The atomic-scale surface structure plays a major role in the electrochemical behaviour of a catalyst. The electrocatalytic activity towards many relevant reactions, such as the oxygen reduction reaction on platinum, exhibits a linear dependency with the number of steps until this linear scaling breaks down at high step densities. Here we show, using Pt(111)-vicinal surfaces and in situ electrochemical scanning tunnelling microscopy, that this anomalous behaviour at high step densities has a structural origin and is attributed to the bunching of closely spaced steps. While Pt(554) presents parallel single steps and terrace widths that correspond to its nominal, expected value, most steps on Pt(553) are bunched. Our findings challenge the common assumption in electrochemistry that all stepped surfaces are composed of homogeneously spaced steps of monoatomic height and can successfully explain the anomalous trends documented in the literature linking step density to both activity and potential of zero total charge.

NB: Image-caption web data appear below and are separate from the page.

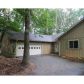 2200 Heritage Dr Ne, Atlanta, GA 30345 ID:574755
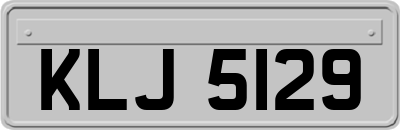 KLJ5129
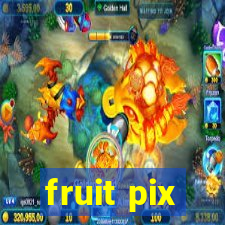 fruit pix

原子尺度的表面结构在催化剂的电化学行为中起着重要作用。许多相关反应的电催化活性，例如铂上的氧还原反应，表现出与步数的线性相关性，直到这种线性缩放在高步密度下被破坏。在这里，我们使用 Pt(111) 邻面和原位电化学扫描隧道显微镜表明，高台阶密度下的这种异常行为具有结构起源，并且归因于紧密间隔的台阶的聚集。虽然 Pt(554) 呈现出与其标称预期值相对应的平行单台阶和平台宽度，但 Pt(553) 上的大多数台阶都是聚集的。我们的研究结果挑战了电化学中的常见假设，即所有阶梯表面均由单原子高度的均匀间隔阶梯组成，并且可以成功解释文献中记录的将阶梯密度与零总电荷的活性和电势联系起来的异常趋势。